Sustainability, 2021, vol. 13, issue 16, 1-27

Abstract: Within the engineering domain, safety issues are often related to engineering design and typically exclude factors such as epidemics, famine, and disease. This article provides a perspective on the reciprocal relationship and interaction between a natural hazard and a simultaneous pandemic outbreak and discusses how a catastrophic dam break, combined with the ongoing COVID-19 pandemic, poses a risk to human life. The paper uses grey- and peer-reviewed literature to support the discussion and reviews fundamentals of dam safety management, potential loss of life due to a dam break, and the recent evolution in dam risk analysis to account for the COVID-19 outbreak. Conventional risk reduction recommendations, such as quick evacuation and sheltering in communal centers, are revisited in the presence of a pandemic when social distancing is recommended.
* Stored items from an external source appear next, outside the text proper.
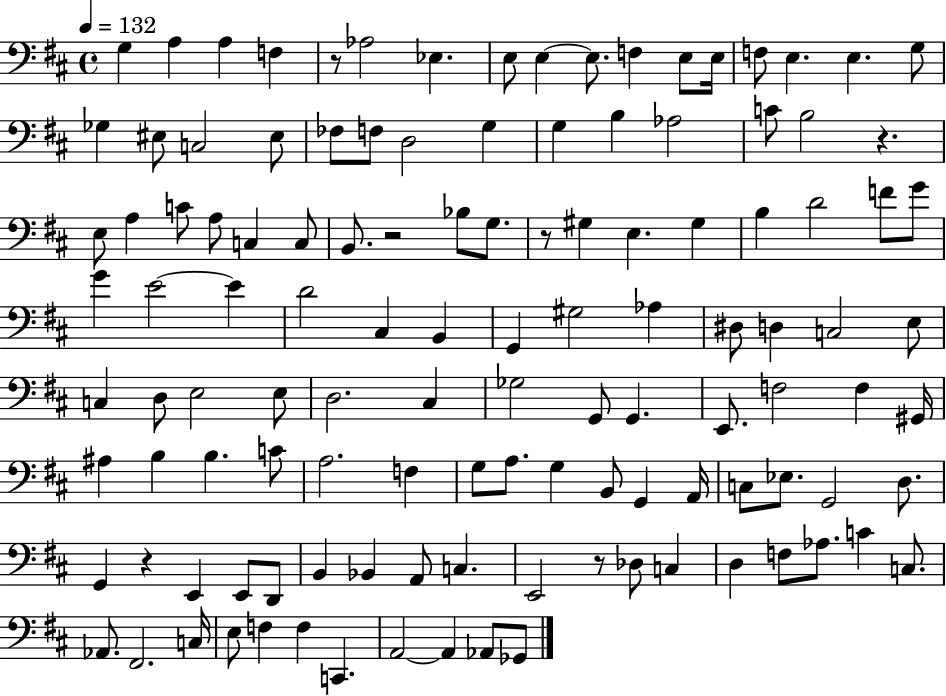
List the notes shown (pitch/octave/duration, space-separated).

G3/q A3/q A3/q F3/q R/e Ab3/h Eb3/q. E3/e E3/q E3/e. F3/q E3/e E3/s F3/e E3/q. E3/q. G3/e Gb3/q EIS3/e C3/h EIS3/e FES3/e F3/e D3/h G3/q G3/q B3/q Ab3/h C4/e B3/h R/q. E3/e A3/q C4/e A3/e C3/q C3/e B2/e. R/h Bb3/e G3/e. R/e G#3/q E3/q. G#3/q B3/q D4/h F4/e G4/e G4/q E4/h E4/q D4/h C#3/q B2/q G2/q G#3/h Ab3/q D#3/e D3/q C3/h E3/e C3/q D3/e E3/h E3/e D3/h. C#3/q Gb3/h G2/e G2/q. E2/e. F3/h F3/q G#2/s A#3/q B3/q B3/q. C4/e A3/h. F3/q G3/e A3/e. G3/q B2/e G2/q A2/s C3/e Eb3/e. G2/h D3/e. G2/q R/q E2/q E2/e D2/e B2/q Bb2/q A2/e C3/q. E2/h R/e Db3/e C3/q D3/q F3/e Ab3/e. C4/q C3/e. Ab2/e. F#2/h. C3/s E3/e F3/q F3/q C2/q. A2/h A2/q Ab2/e Gb2/e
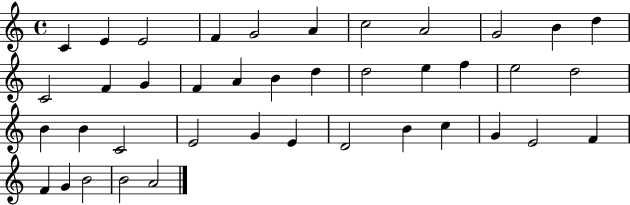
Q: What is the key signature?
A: C major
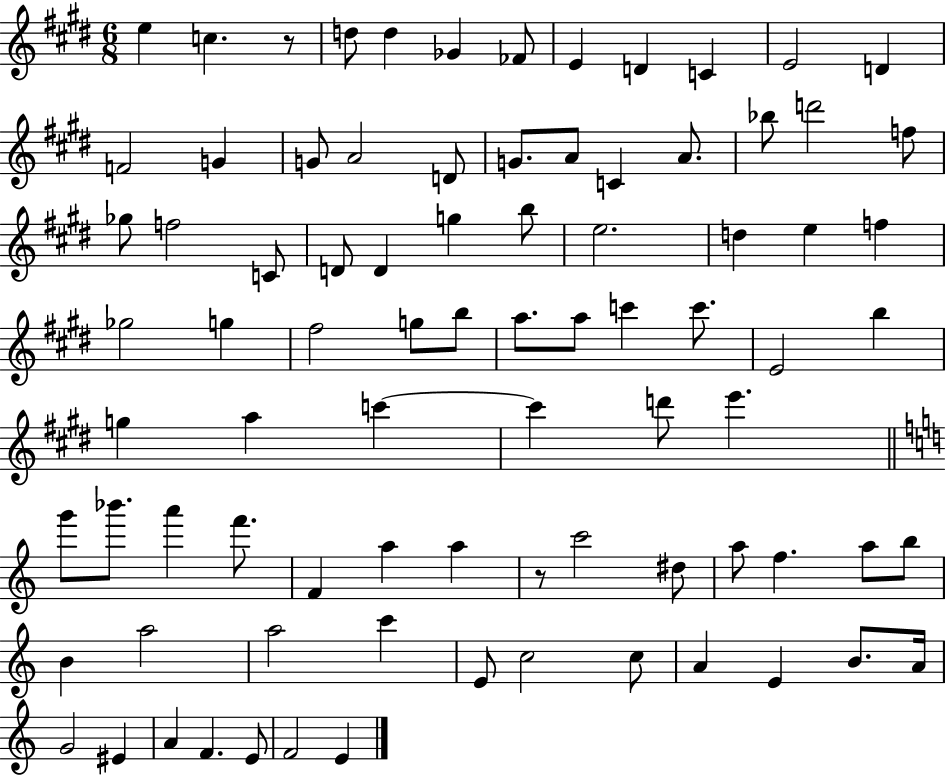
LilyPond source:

{
  \clef treble
  \numericTimeSignature
  \time 6/8
  \key e \major
  \repeat volta 2 { e''4 c''4. r8 | d''8 d''4 ges'4 fes'8 | e'4 d'4 c'4 | e'2 d'4 | \break f'2 g'4 | g'8 a'2 d'8 | g'8. a'8 c'4 a'8. | bes''8 d'''2 f''8 | \break ges''8 f''2 c'8 | d'8 d'4 g''4 b''8 | e''2. | d''4 e''4 f''4 | \break ges''2 g''4 | fis''2 g''8 b''8 | a''8. a''8 c'''4 c'''8. | e'2 b''4 | \break g''4 a''4 c'''4~~ | c'''4 d'''8 e'''4. | \bar "||" \break \key c \major g'''8 bes'''8. a'''4 f'''8. | f'4 a''4 a''4 | r8 c'''2 dis''8 | a''8 f''4. a''8 b''8 | \break b'4 a''2 | a''2 c'''4 | e'8 c''2 c''8 | a'4 e'4 b'8. a'16 | \break g'2 eis'4 | a'4 f'4. e'8 | f'2 e'4 | } \bar "|."
}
This perspective manuscript aims to provide insight into the multi-hazard risk problem resulting from a concurring natural hazard and global pandemic.

Keywords: natural hazard; pandemic; dam break; flood; risk management (search for similar items in EconPapers)
JEL-codes: O13 Q Q0 Q2 Q3 Q5 Q56 (search for similar items in EconPapers)
Date: 2021
References: View references in EconPapers View complete reference list from CitEc
Citations: View citations in EconPapers (2)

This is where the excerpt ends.